Theft of items from valet parked cars is a common problem. The ideal thing is to remove anything you don't want stolen before valet parking.

If you are going to leave something of value in the car, I would get out your smartphone, get video of the valet's face and name tag immediately upon being greeted by them; video tape the odometer, the fuel level, the car clock, and then the items of value you are leaving behind. And then videotape the exterior condition of the car, including all 4 corners, the wheels, and underneath the front air dam. That might prevent valet theft, and also shock them... since nobody does that.

Since you have experienced a loss, the big question now is can you prove they are responsible? If they forget to lock your car or roll-up all the windows and spare change disappears, I blame them.

If they have a dishonest valet who helped himself or herself to your money, certainly I blame them.

These stories of businesses screwing over their customers, like you describe—where they pass the buck, has become tiring. It's the standard method of operation for mediocre businesses, and mediocre businesses are everywhere.

I've been out of the valet parking business for a while. Now I sell furniture at a big furniture store. We use a third party contractor to handle all of our deliveries. When something goes wrong, like the drivers scraping a wall inside the customer's home, or the drivers damaging the furniture while bringing it into the customer's home, we don't say "Oh, the drivers are part of another company.

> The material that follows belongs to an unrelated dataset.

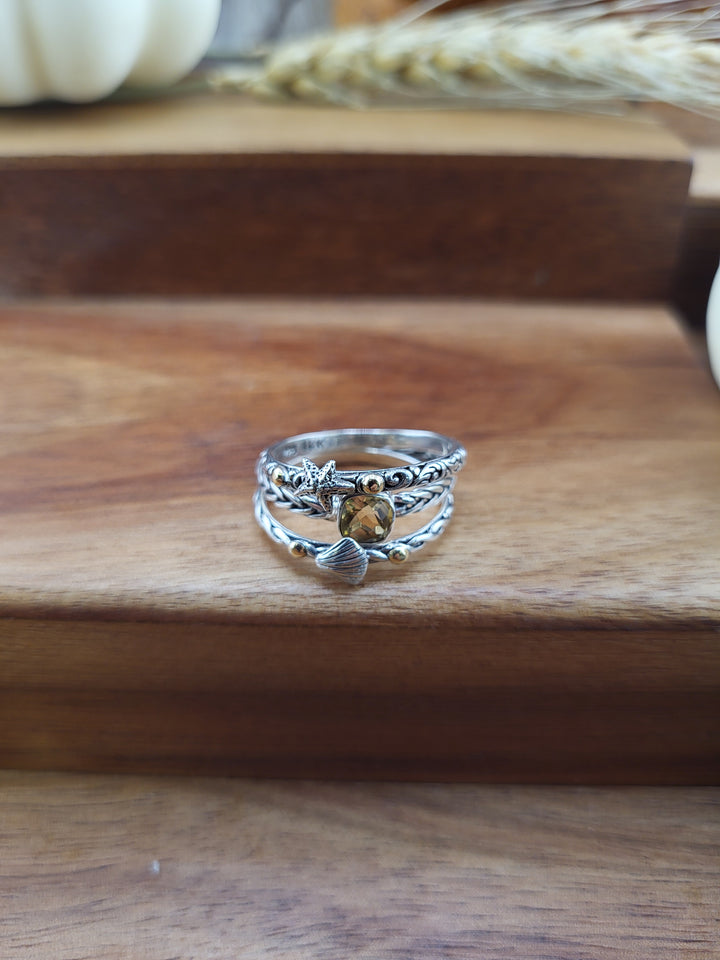 3 Band Citrine Stacker Ring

It's not our problem. Deal with them."

Yes, our partner will be responsible for that damage, but we are the ones that step in with service in order to make things right and maintain our good relations with our customers. We take the lead in making sure things get fixed.

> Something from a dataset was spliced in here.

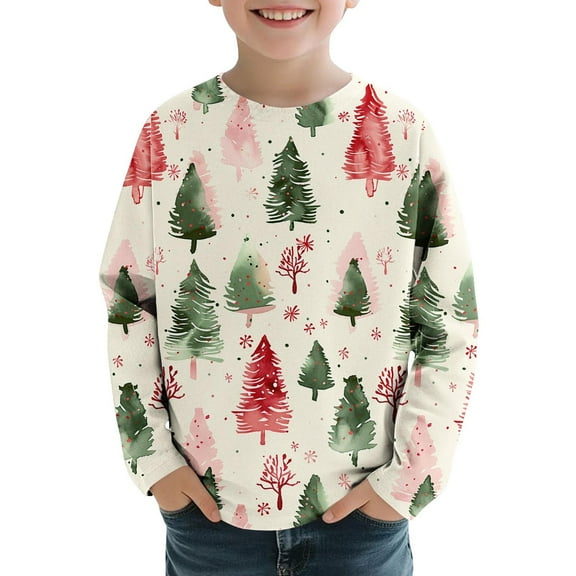 Colorful Boy Girl Children Boy Girl Crew Neck Tshirts Elegant Happy Vacation Christmas Lounge Tee Tops for Kid Long Sleeve Print Cute Shirt Warm Winter Fall Shirts 2025 Clothing 4 Years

If we chose to use the method you describe in your email, it would eventually lead to a more widely damaged reputation and an erosion of business.

The business that you visited hasn't learned this lesson yet. They think it is okay to screw over their customers with lousy service when things go wrong.

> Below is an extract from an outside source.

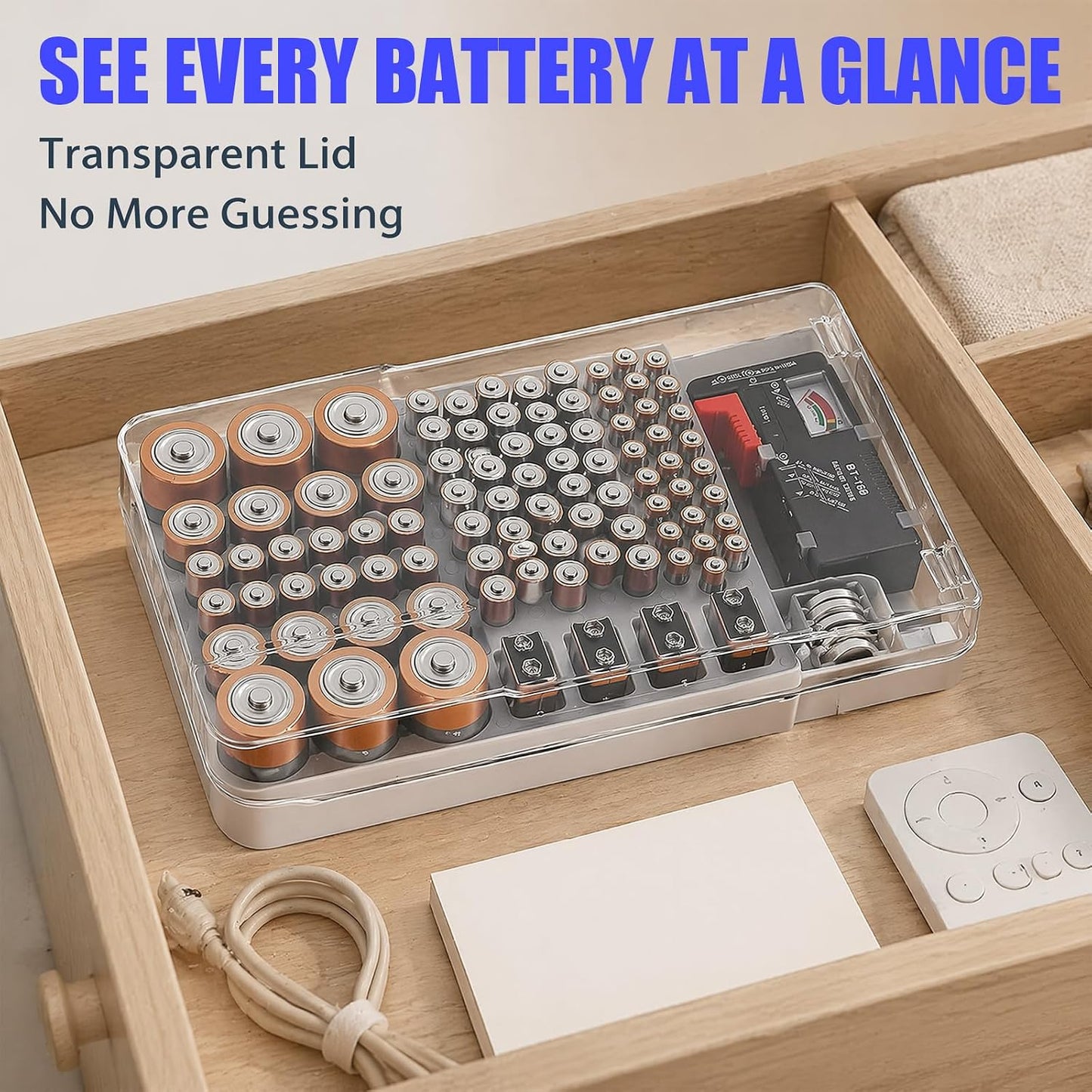 Battery Organizer Storage Case with Tester,Clear Lid Battery Storage Organizer,Holds 93 Batteries Battery Storage Box Battery Carrying Case（Batteries are Not Included）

And so now it is up to you to show them the error of their ways.

If I were you, I would give the business one last chance to get your resolution underway. And I would make sure that the top manager of this business gets this message.

What you describe is like somebody staying at a hotel and finding somebody else's hair all over their sheets. They complain to the manager and the manager says "Oh, we use a third party to clean all the linens. It's not our problem. Deal with them."

That is an argument that makes no sense to me.

In this situation I would say "I don't care about your business relationships or partnerships or alliances. I dealt with you. I paid you my money. And now you are going to provide me with this specific resolution... " and you list your demands. 

You make it indirectly clear that you are not weak, you're not going away, and it is in their best interests to get the matter resolved to your full satisfaction quickly, without further hassle to you.

Probably this will get you nowhere. So then you pivot into running an all-out reputation damage campaign using the facts of the case. And you make them sorry they ever doubted your resolve.

Report the theft to police? Sure. Why not.

And the damage to your lock... I guess they jammed a key in there the wrong way or it just might be a coincidence that your lock no longer works, but I would add this to your list of demands too, along with a refund of your parking fee.

Reputation damage campaigns involve use of the traditional media (TV news shows, newspapers), use of social media, like Facebook, and good old-fashion picketing where you walk around with a sign outside of the business which says you'll lose all your spare change if you use this valet service and XYZ business (that hired them) doesn't care.

You make a lot of noise. Attract news reporters to it. Maybe eventually your opponent will cry uncle to get you to stop the campaign. Or maybe they will try to weather the storm. 

My advice is to try to have fun with it instead of letting it stress you out. Get your satisfaction either with a quick resolution or by attacking their reputation. Just be careful about how you conduct the campaign. Stick with the absolute facts. Don't make anything up. Be precisely accurate in your claims.